Posted: Sat Dec 30, 2023 12:28 pm
by Oso
highend wrote: Sat Dec 30, 2023 11:58 am
Code: Select all
Result (function 1): 6481 [92.197 ms]
Result (function 2): 6481 [106.495 ms]
Result (function 3): 6481 [133.019 ms]
Result (function 4): 6481 [42.623 ms]
Result (function 5): 6481 [45.636 ms]
Very useful to see these comparisons. I'm surprised at the disparity in time between (3) and (4/5) because there isn't much difference in the loop logic. It probably demonstrates that checking for a non-zero \c unicode character (3) is notably slower than comparing the two pointers (4/5). I think it ought to be quicker though, and perhaps worth another test.
I suppose that in (2) the Len() check inside the For/Next loop perhaps doesn't matter in this case, from a performance point of view, because it's only the start counter, rather than the target, which therefore doesn't need to be checked on every loop iteration.
Have you tried compiling in C with optimisation? I've recently been performance testing with optimisation and it just blows everything away.
Anyway, interesting to see this and it really shows that whatever is best for the requirement, is usually the right choice. I would use (2) for an end-user application, similar to Marc56us's, because ease of maintenance by others is necessary and speed is not so important. Personally, I would be very unlikely to use Regex.
Re: Get only trailing numbers from a string?
Posted: Sat Dec 30, 2023 12:38 pm
by highend
I've used v6.04 LTS for the tests. Normal backend, x64
Compiling it with the C-Backend [with [x] Optimize generated code] makes most functions (slightly) slower

But the second function suffers the most...
The only one that gains a little bit of speed is the regex one
Code: Select all
Result (function 1): 6481 [85.745 ms]
Result (function 2): 6481 [132.206 ms]
Result (function 3): 6481 [139.788 ms]
Result (function 4): 6481 [46.160 ms]
Result (function 5): 6481 [51.860 ms]
Re: Get only trailing numbers from a string?

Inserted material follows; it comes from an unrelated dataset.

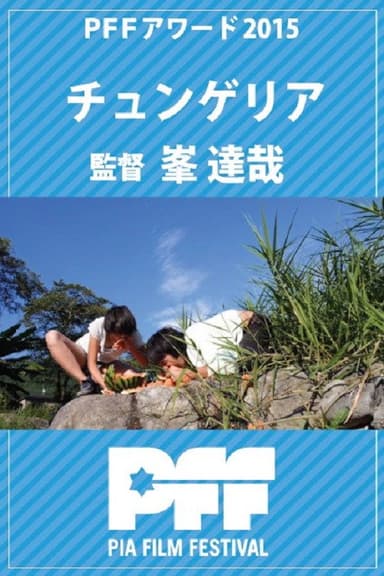 Chungueria poster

Posted: Sat Dec 30, 2023 2:59 pm
by Marc56us
We don't have the same test data, nor the same machine. So I suggest you try this variant (which can be improved).
(Yes, 0 and 9 are OK now.)
Code: Select all
Procedure$ Get_Last_Number(Txt$)
Txt$ = ReverseString(Txt$)
For i = 1 To Len(Txt$)
nb = Asc(Mid(Txt$, i, 1))
If nb >= 48 And nb <= 57
nb$ + Chr(nb)
Else
ProcedureReturn ReverseString(Txt$) + " => " + ReverseString(nb$)
EndIf
Next i
EndProcedure
Debug Get_Last_Number("12Caption64")
Debug Get_Last_Number("12Caption064")
Debug Get_Last_Number("12Caption0123456789")
; 12Caption64 => 64
; 12Caption064 => 064
; 12Caption0123456789 => 0123456789
PS. Instead of using ReverseString twice, we can process the string from right to left
Re: Get only trailing numbers from a string?
Posted: Sat Dec 30, 2023 3:13 pm
by highend
@Marc56us
The slightly optimised version takes about 75ms (again with 100k loops)
Your last posted version takes about 85ms
Code: Select all
Procedure.s GetTrailingNumbersFromString6(string.s)
Protected.i i, num
Protected.s result
For i = Len(string) To 1 Step -1
num = Asc(Mid(string, i, 1))
If num >= 48 And num <= 57
result + Chr(num)
Else
ProcedureReturn ReverseString(result)
EndIf
Next
EndProcedure
Re: Get only trailing numbers from a string?
Posted: Sat Dec 30, 2023 3:32 pm
by boddhi
Marc56us wrote:
Quick and dirty sample. Basic only, no pointers, so easy to understand for beginners
More dirty? In one line:
Code: Select all
Debug ReverseString(Str(Val(ReverseString("12Caption64"))))
Inconvenience: If they are, leading "0" disappear...
Re: Get only trailing numbers from a string?
Posted: Sat Dec 30, 2023 4:25 pm
by mk-soft
I don't think numbers have more than 1000 digits
Code: Select all
Procedure.s GetNumbersFromString7(*StrPtr.Character)
Protected result.s{1024}
Protected *result.Character
*result = @result
While *StrPtr\c
Select *StrPtr\c
Case '0' To '9'
*result\c = *StrPtr\c
*result + SizeOf(Character)
Default
*result = @result
EndSelect
*StrPtr + SizeOf(Character)
Wend
*result\c = #Null
ProcedureReturn result
EndProcedure
Define.s demoText = "1234Caption64"
Debug GetNumbersFromString7(@demoText)